[TASK ITEM]:
Pictures are not part of the copy. Write out exactly the lines from the line with "PA license plate MQU3777" through the end of the entries below.

[DATA SECTION]:
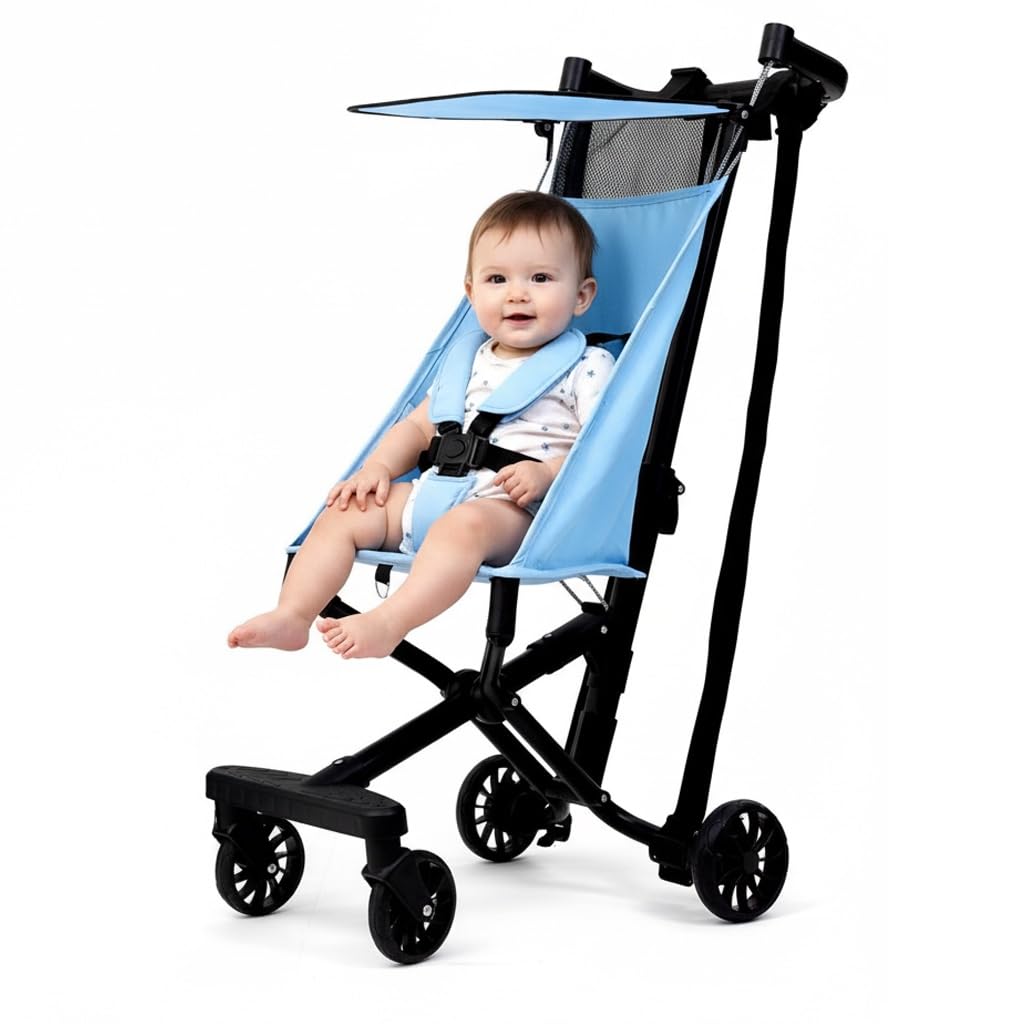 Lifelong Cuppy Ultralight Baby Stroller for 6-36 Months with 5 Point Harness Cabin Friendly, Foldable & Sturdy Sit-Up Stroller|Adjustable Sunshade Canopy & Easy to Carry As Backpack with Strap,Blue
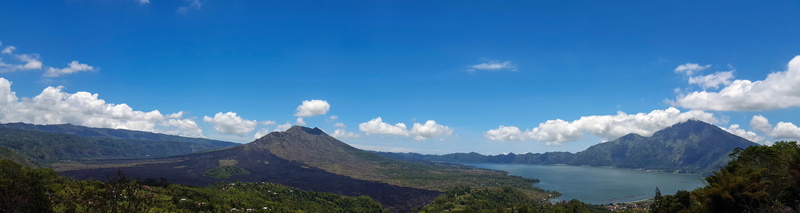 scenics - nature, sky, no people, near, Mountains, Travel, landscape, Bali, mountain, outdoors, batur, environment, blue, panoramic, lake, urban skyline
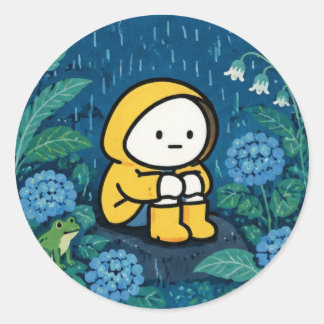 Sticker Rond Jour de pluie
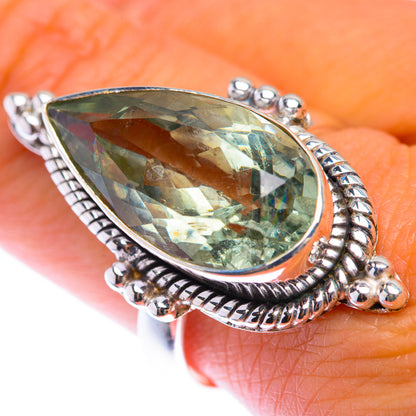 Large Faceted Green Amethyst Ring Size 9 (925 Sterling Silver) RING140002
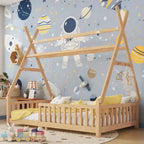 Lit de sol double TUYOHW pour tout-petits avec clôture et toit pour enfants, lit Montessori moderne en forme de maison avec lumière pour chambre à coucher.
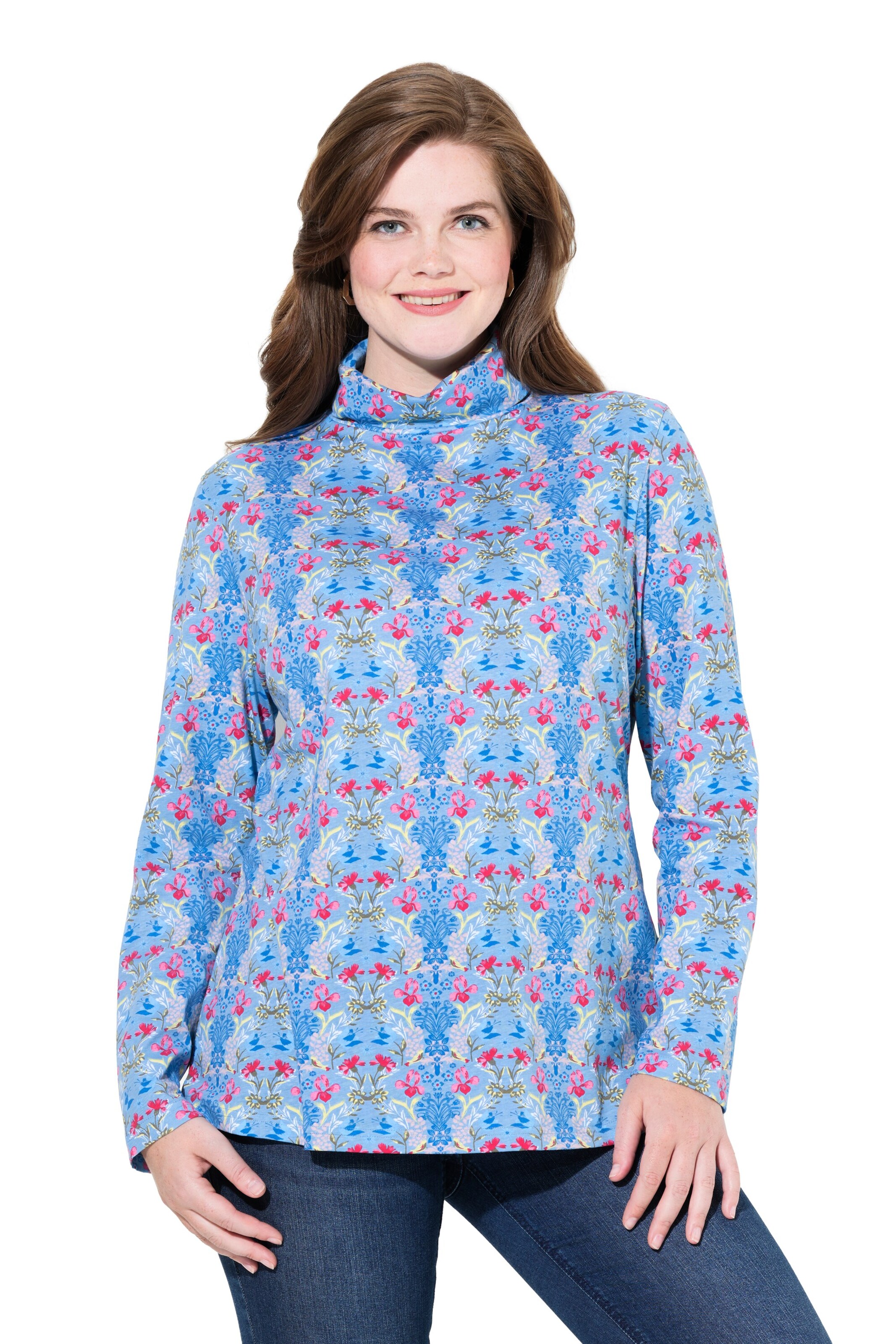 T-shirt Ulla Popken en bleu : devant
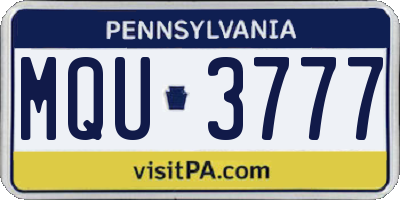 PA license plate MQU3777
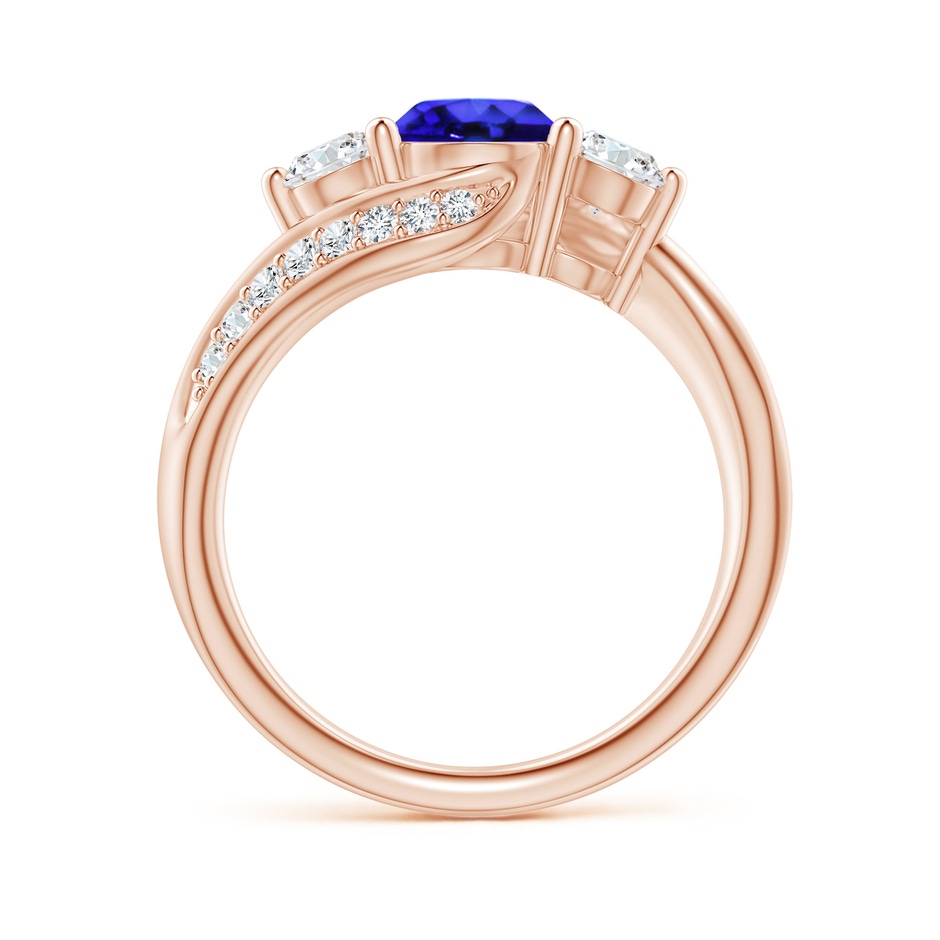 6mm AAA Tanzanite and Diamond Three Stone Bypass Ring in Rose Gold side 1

[TASK RESPONSE]:
 PA license plate MQU3777
 6mm AAA Tanzanite and Diamond Three Stone Bypass Ring in Rose Gold side 1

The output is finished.